Generating and conserving heat
Sustained energy output of an endothermic animal (mammal
) and an ectothermic animal (reptile
) as a function of core temperature
This image shows the difference between endotherms and ectotherms. The mouse is endothermic and regulates its body temperature through homeostasis. The lizard is ectothermic and its body temperature is dependent on the environment.
Many endotherms have a larger number of mitochondria per cell than ectotherms. This enables them to generate heat by increasing the rate at which they metabolize fats and sugars. Accordingly, to sustain their higher metabolism, endothermic animals typically require several times as much food as ectothermic animals do, and usually require a more sustained supply of metabolic fuel.
In many endothermic animals, a controlled temporary state of hypothermia conserves energy by permitting the body temperature to drop nearly to ambient levels. Such states may be brief, regular circadian cycles called torpor, or they might occur in much longer, even seasonal, cycles called hibernation. The body temperatures of many small birds (e.g. hummingbirds) and small mammals (e.g. tenrecs) fall dramatically during daily inactivity, such as nightly in diurnal animals or during the day in nocturnal animals, thus reducing the energy cost of maintaining body temperature. Less drastic intermittent reduction in body temperature also occurs in other, larger endotherms; for example human metabolism also slows down during sleep, causing a drop in core temperature, commonly of the order of 1 degree Celsius. There may be other variations in temperature, usually smaller, either endogenous or in response to external circumstances or vigorous exertion, and either an increase or a drop.
The resting human body generates about two-thirds of its heat through metabolism in internal organs in the thorax and abdomen, as well as in the brain. The brain generates about 16% of the total heat produced by the body.
Heat loss is a major threat to smaller creatures, as they have a larger ratio of surface area to volume. Small warm-blooded animals have insulation in the form of fur or feathers. Aquatic warm-blooded animals, such as seals, generally have deep layers of blubber under the skin and any pelage that they might have; both contribute to their insulation. Penguins have both feathers and blubber. Penguin feathers are scale-like and serve both for insulation and for streamlining. Endotherms that live in very cold circumstances or conditions predisposing to heat loss, such as polar waters, tend to have specialised structures of blood vessels in their extremities that act as heat exchangers. The veins are adjacent to the arteries full of warm blood. Some of the arterial heat is conducted to the cold blood and recycled back into the trunk. Birds, especially waders, often have very well-developed heat exchange mechanisms in their legs—those in the legs of emperor penguins are part of the adaptations that enable them to spend months on Antarctic winter ice. In response to cold many warm-blooded animals also reduce blood flow to the skin by vasoconstriction to reduce heat loss. As a result, they blanch (become paler).

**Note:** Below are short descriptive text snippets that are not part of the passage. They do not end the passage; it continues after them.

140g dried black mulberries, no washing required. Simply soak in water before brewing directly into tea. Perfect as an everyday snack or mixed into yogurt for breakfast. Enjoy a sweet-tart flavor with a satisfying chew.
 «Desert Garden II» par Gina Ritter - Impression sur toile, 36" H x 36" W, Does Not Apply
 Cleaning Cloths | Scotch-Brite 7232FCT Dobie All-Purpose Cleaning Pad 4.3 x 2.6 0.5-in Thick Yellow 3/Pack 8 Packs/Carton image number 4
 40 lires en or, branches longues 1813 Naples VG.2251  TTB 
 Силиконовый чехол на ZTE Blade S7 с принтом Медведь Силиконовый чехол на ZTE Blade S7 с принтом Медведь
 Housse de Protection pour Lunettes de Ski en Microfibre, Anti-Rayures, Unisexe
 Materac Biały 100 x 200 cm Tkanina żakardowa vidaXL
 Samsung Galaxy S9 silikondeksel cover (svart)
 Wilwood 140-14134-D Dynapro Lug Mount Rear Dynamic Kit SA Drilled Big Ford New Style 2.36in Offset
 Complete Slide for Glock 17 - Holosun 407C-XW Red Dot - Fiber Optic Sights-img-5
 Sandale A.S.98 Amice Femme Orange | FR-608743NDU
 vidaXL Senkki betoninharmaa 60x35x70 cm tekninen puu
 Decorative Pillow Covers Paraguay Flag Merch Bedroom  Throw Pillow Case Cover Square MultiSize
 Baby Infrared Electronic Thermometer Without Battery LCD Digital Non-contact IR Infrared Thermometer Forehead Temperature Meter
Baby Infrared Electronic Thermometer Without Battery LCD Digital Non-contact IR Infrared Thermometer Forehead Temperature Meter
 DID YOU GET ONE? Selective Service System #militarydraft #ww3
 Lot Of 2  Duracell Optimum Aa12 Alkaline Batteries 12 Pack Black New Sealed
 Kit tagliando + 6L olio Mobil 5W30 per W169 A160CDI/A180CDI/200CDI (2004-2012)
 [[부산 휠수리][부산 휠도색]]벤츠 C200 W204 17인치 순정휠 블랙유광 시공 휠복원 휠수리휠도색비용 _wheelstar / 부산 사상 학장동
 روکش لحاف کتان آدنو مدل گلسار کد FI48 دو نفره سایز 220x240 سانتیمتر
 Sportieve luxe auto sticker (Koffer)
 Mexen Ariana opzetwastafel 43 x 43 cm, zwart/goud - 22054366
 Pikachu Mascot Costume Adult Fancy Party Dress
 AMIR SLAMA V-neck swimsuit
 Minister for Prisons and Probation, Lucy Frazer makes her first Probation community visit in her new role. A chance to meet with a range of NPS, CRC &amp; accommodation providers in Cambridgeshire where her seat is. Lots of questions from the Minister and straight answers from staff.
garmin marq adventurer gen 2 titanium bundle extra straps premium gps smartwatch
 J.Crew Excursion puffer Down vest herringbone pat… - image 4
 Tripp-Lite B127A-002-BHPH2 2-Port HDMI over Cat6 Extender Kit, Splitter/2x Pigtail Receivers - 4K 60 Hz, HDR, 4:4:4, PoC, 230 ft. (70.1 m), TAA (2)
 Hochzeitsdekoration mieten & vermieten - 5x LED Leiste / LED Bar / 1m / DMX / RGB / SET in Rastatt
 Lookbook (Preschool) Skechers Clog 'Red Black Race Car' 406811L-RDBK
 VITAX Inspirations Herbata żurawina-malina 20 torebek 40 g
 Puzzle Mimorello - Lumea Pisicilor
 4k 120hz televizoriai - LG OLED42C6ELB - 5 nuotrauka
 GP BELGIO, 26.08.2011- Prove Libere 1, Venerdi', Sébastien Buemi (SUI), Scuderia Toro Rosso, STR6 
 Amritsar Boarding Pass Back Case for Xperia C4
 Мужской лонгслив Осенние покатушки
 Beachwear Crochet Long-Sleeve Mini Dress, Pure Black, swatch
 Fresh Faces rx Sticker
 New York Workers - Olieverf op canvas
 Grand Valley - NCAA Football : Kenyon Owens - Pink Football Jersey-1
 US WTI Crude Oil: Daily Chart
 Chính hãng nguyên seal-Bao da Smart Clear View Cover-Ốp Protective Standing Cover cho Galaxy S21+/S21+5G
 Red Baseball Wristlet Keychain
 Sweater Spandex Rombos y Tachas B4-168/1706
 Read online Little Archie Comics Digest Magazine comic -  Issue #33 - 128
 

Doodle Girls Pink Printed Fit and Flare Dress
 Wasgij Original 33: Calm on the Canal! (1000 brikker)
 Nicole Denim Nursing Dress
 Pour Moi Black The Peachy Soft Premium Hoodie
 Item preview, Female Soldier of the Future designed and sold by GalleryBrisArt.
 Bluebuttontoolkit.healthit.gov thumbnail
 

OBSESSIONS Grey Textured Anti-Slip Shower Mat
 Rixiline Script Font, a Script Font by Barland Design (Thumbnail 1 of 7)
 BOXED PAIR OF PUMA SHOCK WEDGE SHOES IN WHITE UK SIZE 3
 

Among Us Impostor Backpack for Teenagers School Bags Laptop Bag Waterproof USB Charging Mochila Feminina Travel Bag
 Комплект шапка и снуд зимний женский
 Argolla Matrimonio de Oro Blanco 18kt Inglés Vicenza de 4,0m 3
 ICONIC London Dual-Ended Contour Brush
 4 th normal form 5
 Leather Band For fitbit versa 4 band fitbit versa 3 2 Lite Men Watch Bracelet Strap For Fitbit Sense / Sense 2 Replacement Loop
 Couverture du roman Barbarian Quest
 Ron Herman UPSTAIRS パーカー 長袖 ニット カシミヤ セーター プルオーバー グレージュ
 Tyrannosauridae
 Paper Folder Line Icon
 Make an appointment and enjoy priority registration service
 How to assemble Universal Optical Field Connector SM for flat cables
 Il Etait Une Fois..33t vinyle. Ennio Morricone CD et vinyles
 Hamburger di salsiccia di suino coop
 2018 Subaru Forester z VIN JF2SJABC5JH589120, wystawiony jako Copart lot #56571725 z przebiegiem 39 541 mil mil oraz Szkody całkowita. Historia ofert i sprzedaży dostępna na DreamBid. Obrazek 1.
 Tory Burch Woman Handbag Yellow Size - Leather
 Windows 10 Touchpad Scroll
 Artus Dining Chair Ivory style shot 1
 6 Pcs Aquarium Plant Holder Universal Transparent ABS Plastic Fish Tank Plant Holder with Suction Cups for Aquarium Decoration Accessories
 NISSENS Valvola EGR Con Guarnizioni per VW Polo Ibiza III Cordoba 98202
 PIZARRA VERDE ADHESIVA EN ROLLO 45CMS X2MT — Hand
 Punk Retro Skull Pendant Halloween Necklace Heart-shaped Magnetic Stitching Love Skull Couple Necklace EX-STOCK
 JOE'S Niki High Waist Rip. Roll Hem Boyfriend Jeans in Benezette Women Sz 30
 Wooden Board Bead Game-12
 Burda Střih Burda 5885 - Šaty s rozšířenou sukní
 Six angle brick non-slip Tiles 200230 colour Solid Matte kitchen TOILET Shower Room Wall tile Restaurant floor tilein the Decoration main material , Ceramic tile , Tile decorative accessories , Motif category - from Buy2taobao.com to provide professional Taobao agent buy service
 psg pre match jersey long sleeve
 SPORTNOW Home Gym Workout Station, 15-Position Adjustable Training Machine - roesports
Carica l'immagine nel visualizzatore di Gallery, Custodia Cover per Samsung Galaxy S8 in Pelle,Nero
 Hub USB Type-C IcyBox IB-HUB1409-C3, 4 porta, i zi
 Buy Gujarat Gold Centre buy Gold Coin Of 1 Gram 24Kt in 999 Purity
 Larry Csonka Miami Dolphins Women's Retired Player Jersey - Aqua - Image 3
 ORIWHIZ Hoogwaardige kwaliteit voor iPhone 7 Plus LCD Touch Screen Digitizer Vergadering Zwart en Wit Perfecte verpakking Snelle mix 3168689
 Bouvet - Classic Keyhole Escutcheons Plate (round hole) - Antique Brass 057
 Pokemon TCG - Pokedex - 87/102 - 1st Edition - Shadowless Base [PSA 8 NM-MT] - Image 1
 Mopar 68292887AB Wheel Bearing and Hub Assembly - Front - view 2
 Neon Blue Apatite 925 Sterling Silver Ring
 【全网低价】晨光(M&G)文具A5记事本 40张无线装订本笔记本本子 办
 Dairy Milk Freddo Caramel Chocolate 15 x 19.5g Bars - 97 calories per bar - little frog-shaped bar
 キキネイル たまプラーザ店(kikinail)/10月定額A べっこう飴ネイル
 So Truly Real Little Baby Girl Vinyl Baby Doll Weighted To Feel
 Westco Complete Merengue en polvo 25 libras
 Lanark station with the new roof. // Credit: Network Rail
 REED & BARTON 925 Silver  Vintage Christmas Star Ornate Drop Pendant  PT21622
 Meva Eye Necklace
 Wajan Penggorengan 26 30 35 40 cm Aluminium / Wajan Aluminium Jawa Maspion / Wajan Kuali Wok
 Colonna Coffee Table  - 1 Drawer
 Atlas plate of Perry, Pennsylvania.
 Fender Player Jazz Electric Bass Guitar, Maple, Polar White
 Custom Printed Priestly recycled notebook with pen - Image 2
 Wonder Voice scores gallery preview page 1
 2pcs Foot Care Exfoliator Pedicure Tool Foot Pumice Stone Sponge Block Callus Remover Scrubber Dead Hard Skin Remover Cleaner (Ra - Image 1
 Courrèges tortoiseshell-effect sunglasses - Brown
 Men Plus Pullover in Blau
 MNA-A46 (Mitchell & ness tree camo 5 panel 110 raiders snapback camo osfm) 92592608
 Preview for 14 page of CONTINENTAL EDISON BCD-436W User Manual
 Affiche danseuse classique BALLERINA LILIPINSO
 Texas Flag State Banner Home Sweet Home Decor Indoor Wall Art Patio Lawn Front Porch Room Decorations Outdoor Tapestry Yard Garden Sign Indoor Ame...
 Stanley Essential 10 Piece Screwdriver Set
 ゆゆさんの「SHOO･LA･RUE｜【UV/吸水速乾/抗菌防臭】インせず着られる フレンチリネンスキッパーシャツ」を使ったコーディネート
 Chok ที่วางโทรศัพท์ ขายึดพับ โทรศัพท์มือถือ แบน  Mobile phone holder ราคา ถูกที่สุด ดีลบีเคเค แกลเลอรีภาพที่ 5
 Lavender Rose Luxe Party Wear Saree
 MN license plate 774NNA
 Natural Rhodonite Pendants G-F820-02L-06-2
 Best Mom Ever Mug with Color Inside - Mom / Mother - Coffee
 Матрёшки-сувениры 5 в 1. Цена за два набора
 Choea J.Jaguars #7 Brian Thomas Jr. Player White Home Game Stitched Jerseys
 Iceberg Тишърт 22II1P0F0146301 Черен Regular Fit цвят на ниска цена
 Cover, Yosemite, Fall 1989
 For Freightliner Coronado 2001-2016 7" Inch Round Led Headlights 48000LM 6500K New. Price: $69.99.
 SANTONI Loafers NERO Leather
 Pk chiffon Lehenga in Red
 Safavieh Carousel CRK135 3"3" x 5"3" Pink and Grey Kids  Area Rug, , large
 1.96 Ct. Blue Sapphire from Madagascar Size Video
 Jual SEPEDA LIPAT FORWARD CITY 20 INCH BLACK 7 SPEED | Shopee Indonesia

In equatorial climates and during temperate summers, overheating (hyperthermia) is as great a threat as cold. In hot conditions, many warm-blooded animals increase heat loss by panting, which cools the animal by increasing water evaporation in the breath, and/or flushing, increasing the blood flow to the skin so the heat will radiate into the environment. Hairless and short-haired mammals, including humans, also sweat, since the evaporation of the water in sweat removes heat. Elephants keep cool by using their huge ears like radiators in automobiles. Their ears are thin and the blood vessels are close to the skin, and flapping their ears to increase the airflow over them causes the blood to cool, which reduces their core body temperature when the blood moves through the rest of the circulatory system.